= Beginning of Section =
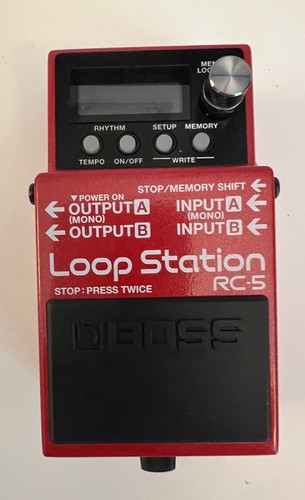 Boss loop station open - rc-5,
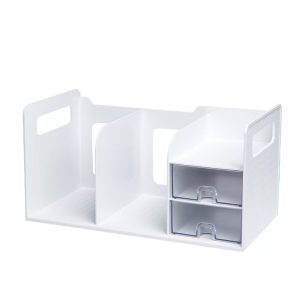 ORGANIZADOR LIBROS CON CAJONES SYSMAX BOOK RACK BLANCO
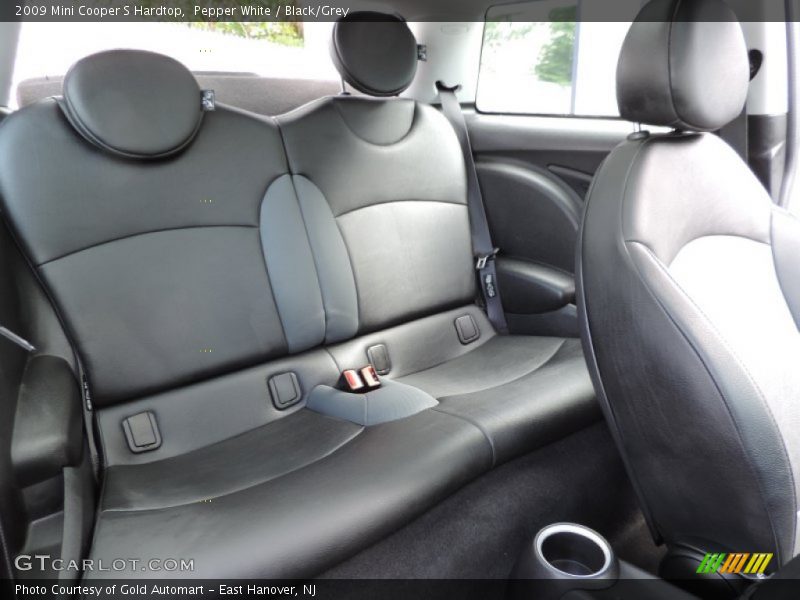 Pepper White / Black/Grey 2009 Mini Cooper S Hardtop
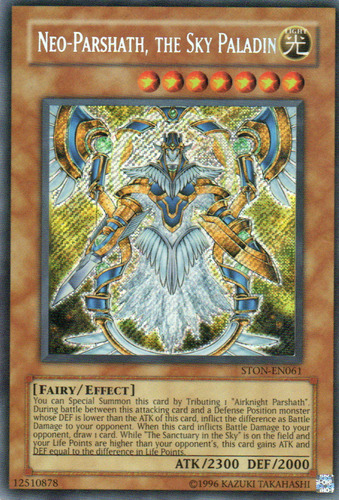 Neo-parshath, The Sky Paladin Carta Yugi Ston-en061 Secret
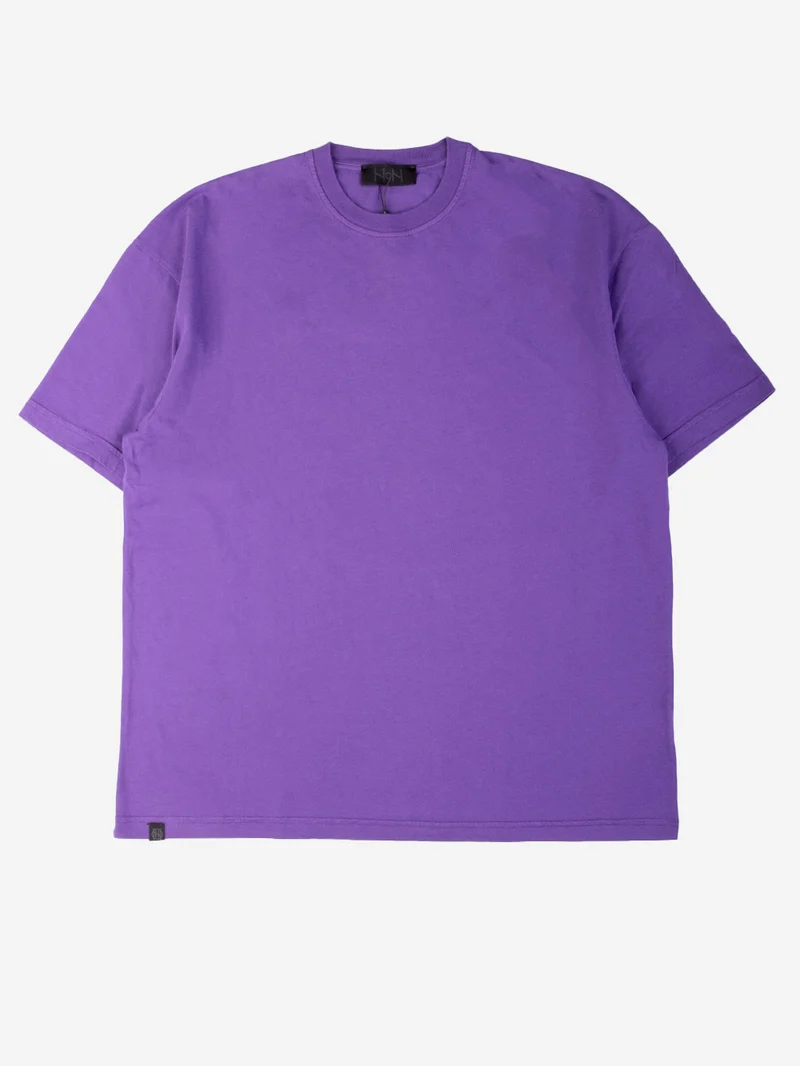 T-shirt girocollo over viola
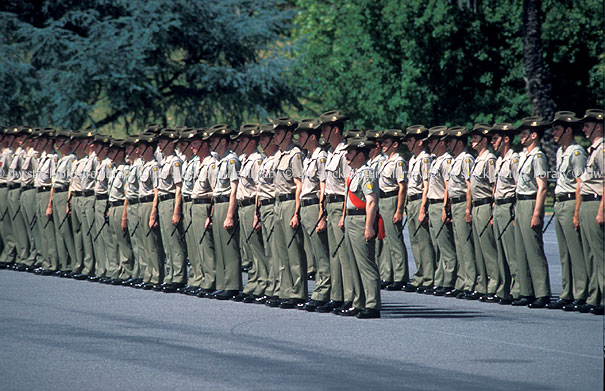stock photo image: Armed forces, army, uniform, uniforms, army uniform, army uniforms, hat, hats, occupation, military, defence, defence forces, armed services, occupations, people, man, men, male, males, service, services, parade, parades, Australia, SA, South AUstralia, parade ground, parade grounds, australian army, soldier, soldiers.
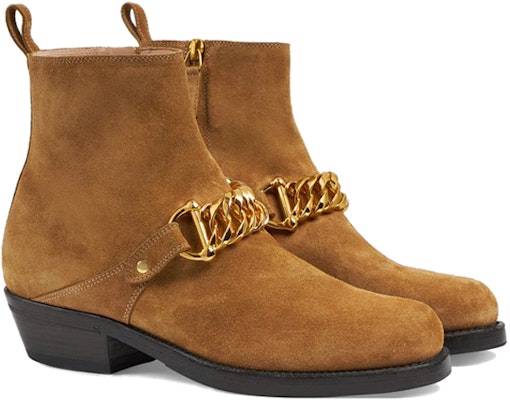 (W) Gucci Sepatu Boot Pergelangan Kaki dengan Rantai 'Coklat' 659626-CH000-9543 Order (W) Gucci Sepatu Boot Pergelangan Kaki dengan Rantai 'Coklat' 659626-CH000-9543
= End of Section =
EXERCISE AIM:
Pictures are to be left out; please print the rest of the records above word for word.

ANSWER:
 Boss loop station open - rc-5,
 ORGANIZADOR LIBROS CON CAJONES SYSMAX BOOK RACK BLANCO
 Pepper White / Black/Grey 2009 Mini Cooper S Hardtop
 Neo-parshath, The Sky Paladin Carta Yugi Ston-en061 Secret
 T-shirt girocollo over viola
stock photo image: Armed forces, army, uniform, uniforms, army uniform, army uniforms, hat, hats, occupation, military, defence, defence forces, armed services, occupations, people, man, men, male, males, service, services, parade, parades, Australia, SA, South AUstralia, parade ground, parade grounds, australian army, soldier, soldiers.
 (W) Gucci Sepatu Boot Pergelangan Kaki dengan Rantai 'Coklat' 659626-CH000-9543 Order (W) Gucci Sepatu Boot Pergelangan Kaki dengan Rantai 'Coklat' 659626-CH000-9543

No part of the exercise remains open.